Seit Beginn der Pandemie wird vermutet, dass SARS-CoV-2 das Chronische Fatigue-Syndrom ME/CFS verursachen kann. Wie weit auch Kinder und Jugendliche davon betroffen sind, wurde nun bei der Seroprävalenz-Studie SARS-CoV-2-KIDS ermittelt.

Obwohl bei Kindern und Jugendlichen Corona-Infektionen oft mild oder sogar ganz ohne Symptome verlaufen, können auch sie von Spätfolgen betroffen sein. Long-COVID-Symptome werden in der Corona-Pandemie auch bei Kindern und Jugendlichen beobachtet, bei denen keine Infektion nachgewiesen wurde, wie nun eine Forschungsgruppe berichtet. Die Patienten klagen über Beschwerden wie Müdigkeit, Erschöpfung und eingeschränkte Belastbarkeit (Fatigue), Kurzatmigkeit, Konzentrations- und Gedächtnisprobleme, Schlafstörungen sowie Muskelschwäche und -schmerzen. Die Forscher stützen sich auf die Ergebnisse der SARS-CoV-2-KIDS-Studie, eine vom Bundesforschungsministerium (BMBF) geförderte Seroprävalenz-Studie, die vom Charité-Virologen Professor Christian Drosten, dem STIKO-Mitglied und Pädiater Professor Rüdiger von Kries und dem Mannheimer Pädiater Professor Horst Schroten geleitet wurde.

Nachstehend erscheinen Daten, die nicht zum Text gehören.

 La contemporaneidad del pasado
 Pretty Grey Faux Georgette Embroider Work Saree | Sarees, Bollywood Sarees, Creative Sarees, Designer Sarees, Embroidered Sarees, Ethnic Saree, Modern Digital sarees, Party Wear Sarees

In die Teilstudie wurden 634 Kinder und Jugendliche mit einem mittleren Alter von elfeinhalb Jahren im Zeitraum von Mai bis Oktober 2021 an neun Kinderkliniken aufgenommen. Die Teilnehmer bzw. deren Eltern füllten Fragebögen (DePaul Symptom Questionaire) aus, die um ein Screening-Instrument für ME/CFS bei fünf- bis siebzehnjährigen ergänzt waren. Außerdem wurden Blutproben der Kinder und Jugendlichen auf IgG-Antikörper gegen SARS-CoV-2 untersucht. 294 (46,4 %) waren Jungen, 340 Mädchen (53,6 %). Bei 198 (31,2 %) Studienteilnehmern zeigten sich Symptome von ME/CFS (Myalgische Enzephalomyelitis/Chronisches Fatigue Syndrom) wie chronische Müdigkeit und /oder schulische oder kognitive Schwierigkeiten sowie mindestens vier weitere Symptome.

Unter den 634 Studienteilnehmern waren 100 (15,8 %) seropositiv, davon berichteten 40 Teilnehmer (40,0 %) über ME/CFS-Symptome. Bei 158 seronegativen Kindern ohne SARS-CoV-2-IgG-Antikörpernachweis wurden ebenfalls diese Symptome beobachtet (29,6 %).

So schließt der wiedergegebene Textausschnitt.